Penn Today asked five faculty experts to share their perspectives on that legacy and where the monarchy goes from here.
Esty is the author of the just-published book, “The Future of Decline: Anglo-American Culture at Its Limits,” a sequel to his 2004 book, “A Shrinking Island: Modernism and National Culture in England.”
It’s tempting to read epochal shifts into the passing of Queen Elizabeth II, but it is not the End of an Era. Deeply entrenched forces are still tugging the United Kingdom backward. The Royal Family stands for a traditional concept of British greatness that is aging and straining, but has not yet exited history. The reign of King Charles III may not mark any new or vital historical change. After all, Charles is a very gray heir. He was born—like so many recent U.S. leaders (Biden, Trump, Bush)—in the 1940s. His worldview is the same one those Baby Boomers inherited, in which Anglo-American power and partnership were assured.
That power and partnership are no longer so assured in 2022. Sharp anxieties about national decline have recently dominated the news cycle on both sides of the North Atlantic. It has been a hot, messy summer in the U.K., capped by a stunning 48-hour period that ushered a new King and a new Prime Minister to center stage. The monarchy stands for tradition itself. So too does the ascent of Liz Truss, who aims to extend the life of Thatcherite values that promise voters renewed prosperity through deregulated markets. They also promise a renewed sense of national identity through Brexit-style autonomy. This weak brew is decocted from the old vines of imperial nostalgia and free market fundamentalism. But it still entices voters, still wins elections. Just when the U.K. seems ready to shrug off its dreams of greatness, the traditionalists and Brexiteers retighten their grip.
For Americans living in and after the Cold War, Elizabeth II provided a safe harbor for a nostalgic worldview, too. She was the first British monarch born in the 20th century. Her time on the throne ran from Presidents Eisenhower to Biden, virtually the whole of the “American Century.” But that century is winding down now.
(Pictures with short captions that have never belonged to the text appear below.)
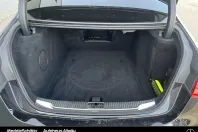 Mercedes-Benz S 350 (Clasa S) din 2023 cu 49.123 km - oferta MER200364 - foto 14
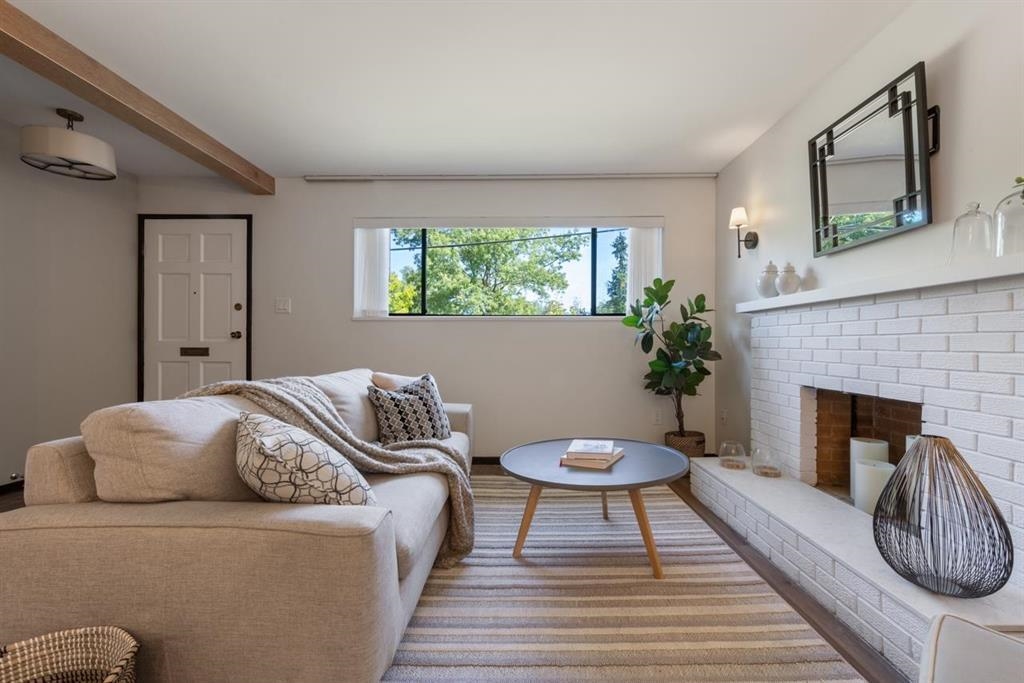 1448 E 15TH AVENUE, Vancouver BC V5N 2E7, R3081909, BC,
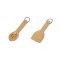 Bigjigs Toys Set di stoviglie da 7 pezzi
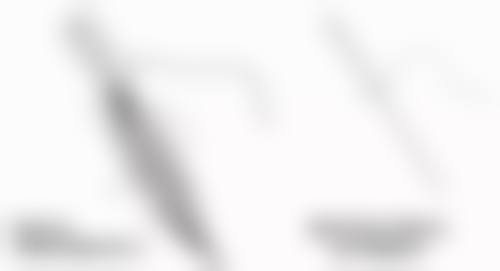 二、眼部感染引发双眼皮上眼皮肿
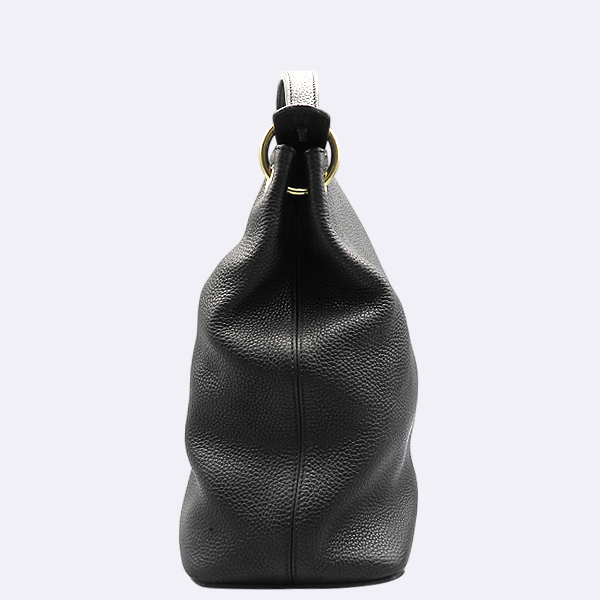 Gucci(����) 408825 ���� ���� Soho(��ȣ) ȣ�� ����� + ��� ��Ʈ�� 2WAY [��������] �̹���3 - ���̺��� �߰���ǰ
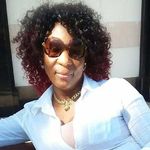 Lavern Jackson - @lavern.jackson.3517 - Instagram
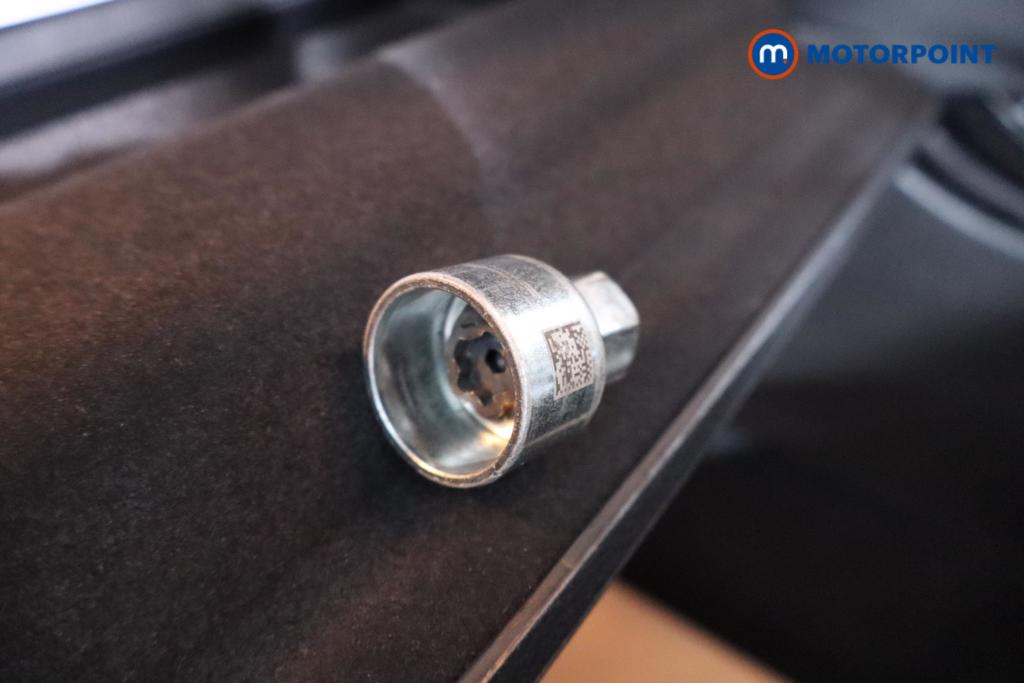 Used BMW X1 2022 for sale - 77848917: Photo 27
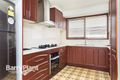 Property photo of 15 Meadowbrook Place Keysborough VIC 3173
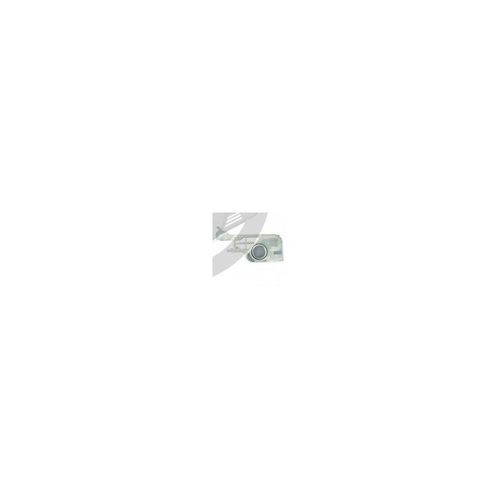 Distributeur d'eau + débitmètre lave vaisselle Whirlpool Indesit C00256546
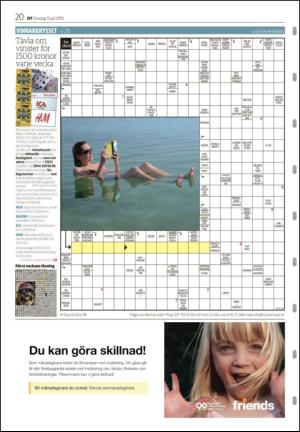 nyaludvikatidning_seksjon-20150715_000_00_00_020.pdf
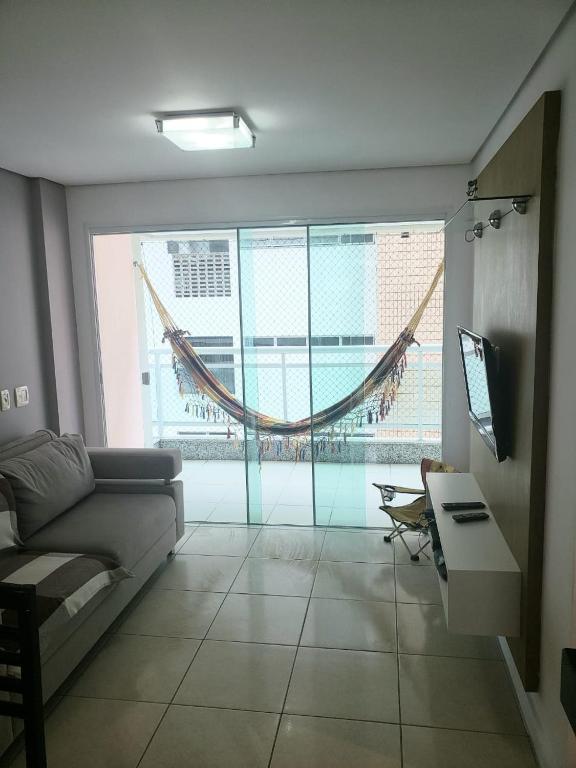  Apartamento Portal Meireles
It is time to invent a new national purpose for both the U.S. and the U.K., to let go of the fading dreams of the English-speaking superpowers. King Charles III has a mighty challenge ahead, but he could—like Joe Biden—use his position to bring about a generational change. He could, now, help to rally the United Kingdom around a more modern sense of national identity, one that bids farewell to the moral certainties of crown and empire.
Girginova is also currently a postdoctoral fellow researching global events and audiences at the Annenberg School for Communication’s Center for Advanced Study in Global Communication and Center on Digital Culture in Society.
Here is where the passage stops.